## Requirement
Each line in the data must be reproduced as written, except for any picture.

## Exercise data

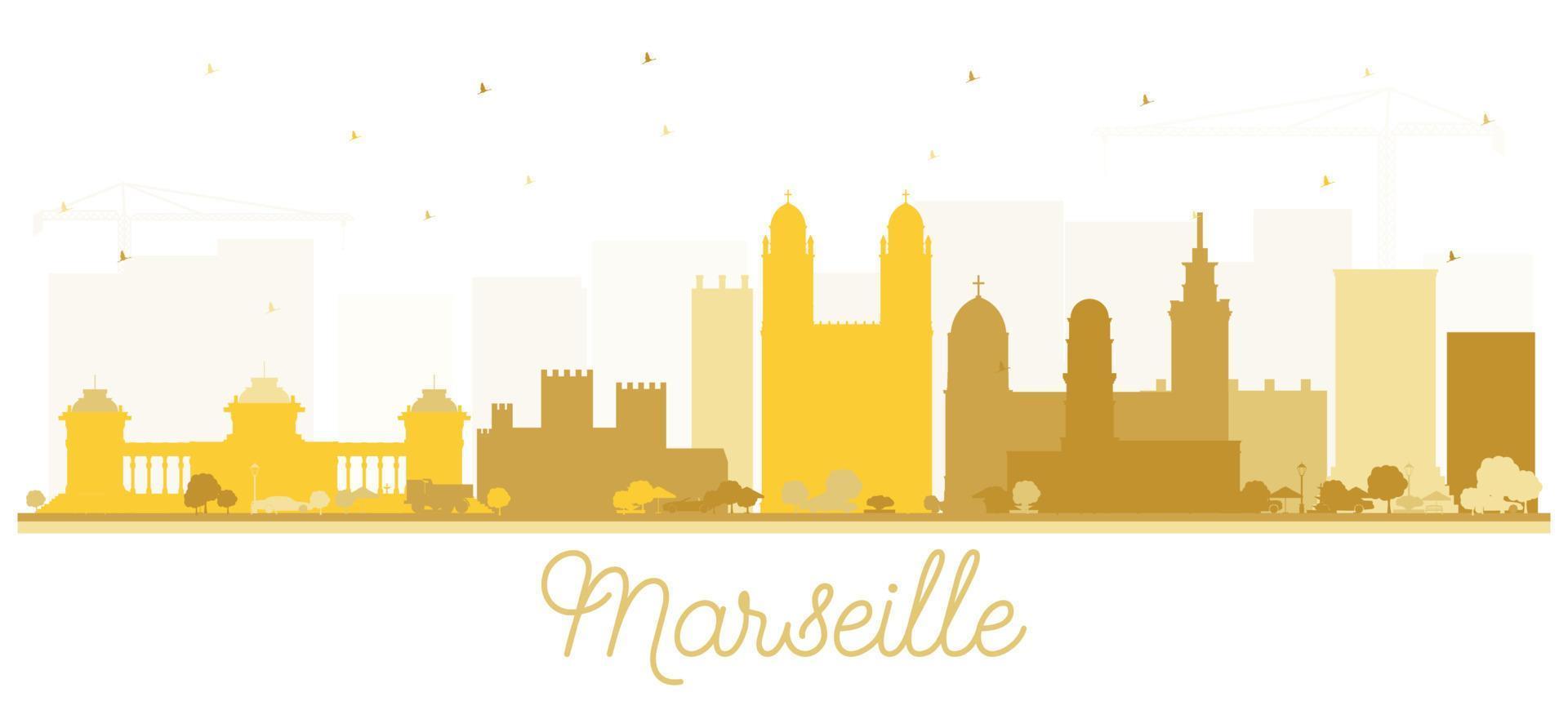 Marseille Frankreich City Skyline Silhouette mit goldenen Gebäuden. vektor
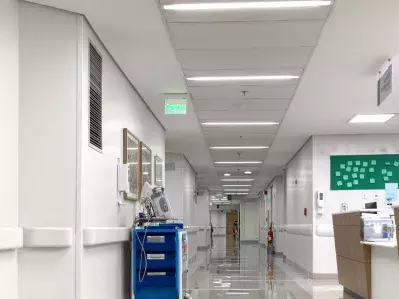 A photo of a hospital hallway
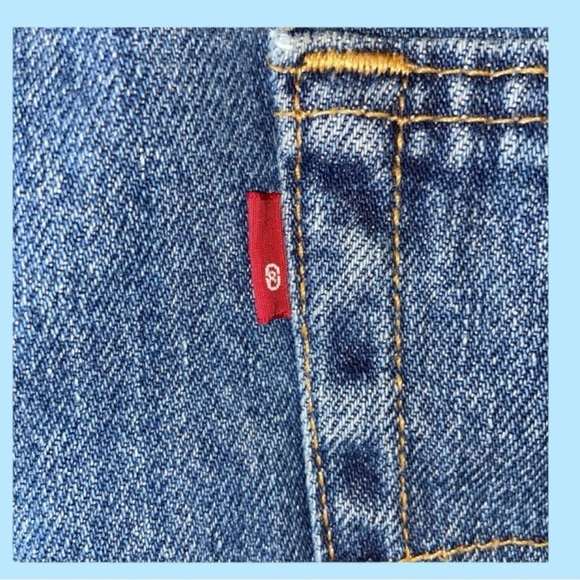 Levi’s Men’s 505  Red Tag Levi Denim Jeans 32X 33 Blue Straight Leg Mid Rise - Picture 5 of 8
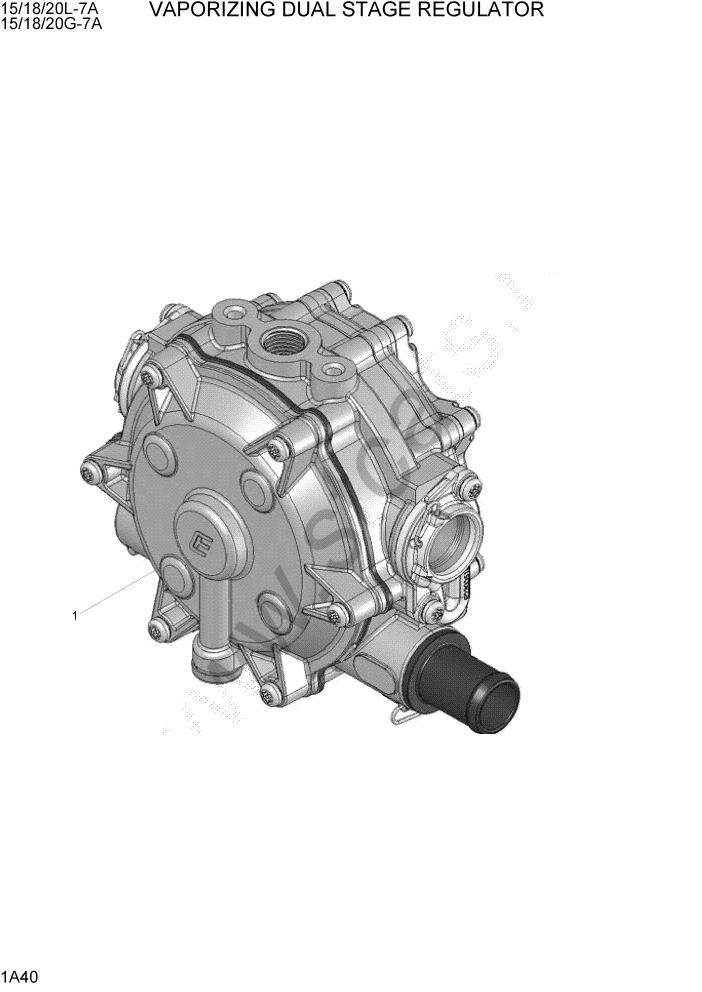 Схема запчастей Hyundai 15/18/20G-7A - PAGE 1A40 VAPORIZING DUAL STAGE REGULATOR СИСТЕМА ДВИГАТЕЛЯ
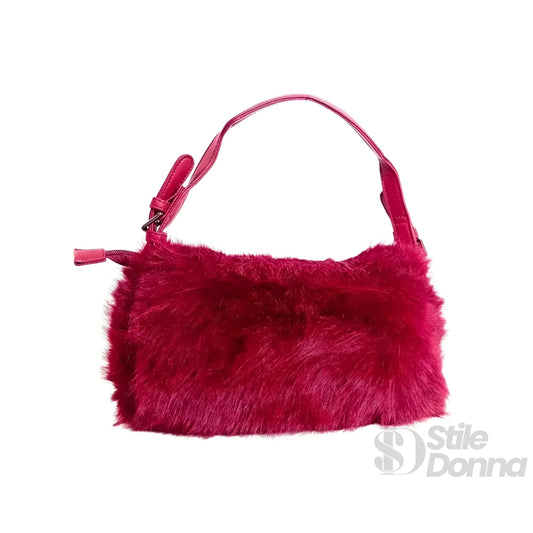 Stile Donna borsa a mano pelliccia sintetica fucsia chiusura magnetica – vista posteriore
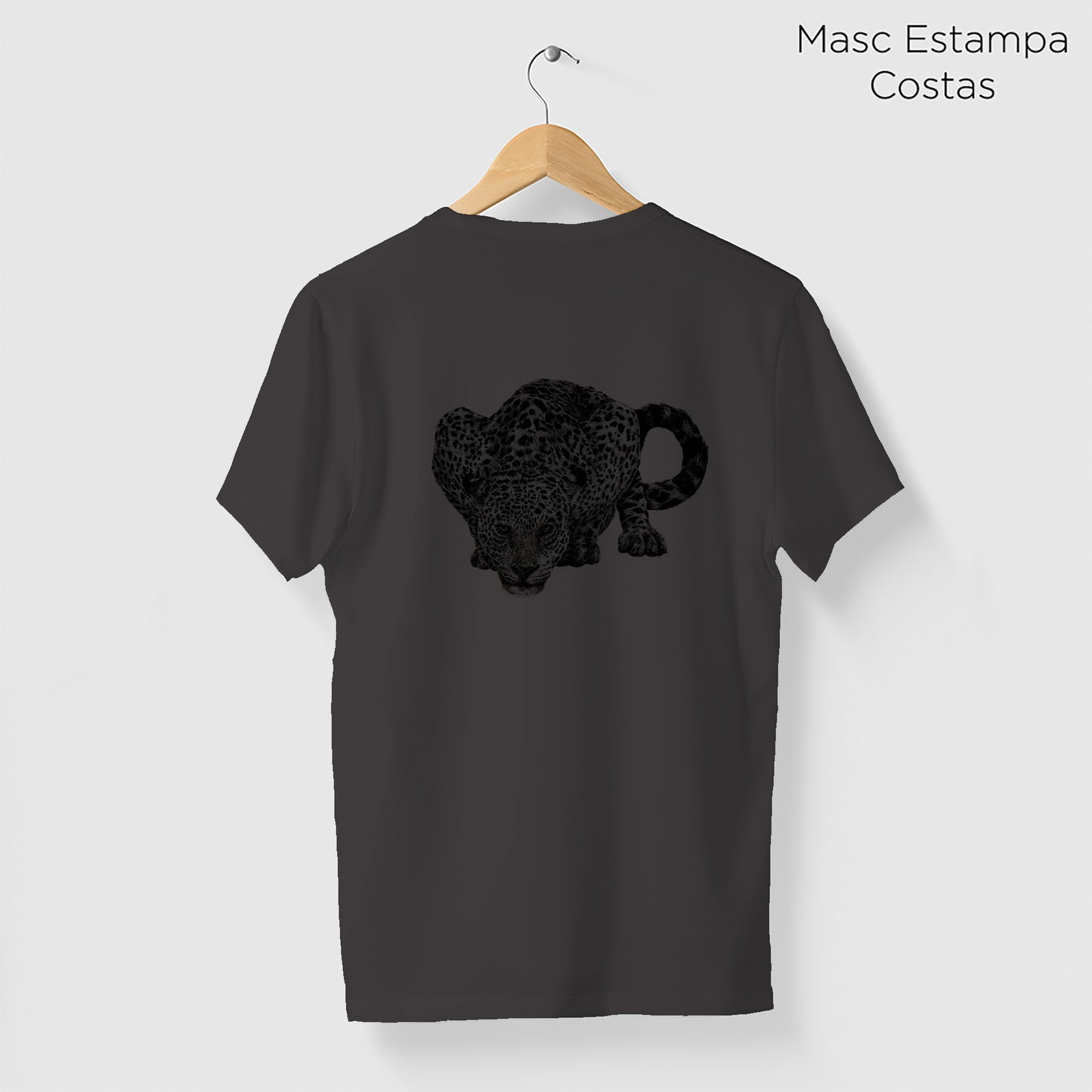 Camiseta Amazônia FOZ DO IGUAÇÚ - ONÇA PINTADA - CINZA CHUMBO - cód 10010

## Answer for this exercise
 Marseille Frankreich City Skyline Silhouette mit goldenen Gebäuden. vektor
 A photo of a hospital hallway
 Levi’s Men’s 505  Red Tag Levi Denim Jeans 32X 33 Blue Straight Leg Mid Rise - Picture 5 of 8
 Схема запчастей Hyundai 15/18/20G-7A - PAGE 1A40 VAPORIZING DUAL STAGE REGULATOR СИСТЕМА ДВИГАТЕЛЯ
 Stile Donna borsa a mano pelliccia sintetica fucsia chiusura magnetica – vista posteriore
 Camiseta Amazônia FOZ DO IGUAÇÚ - ONÇA PINTADA - CINZA CHUMBO - cód 10010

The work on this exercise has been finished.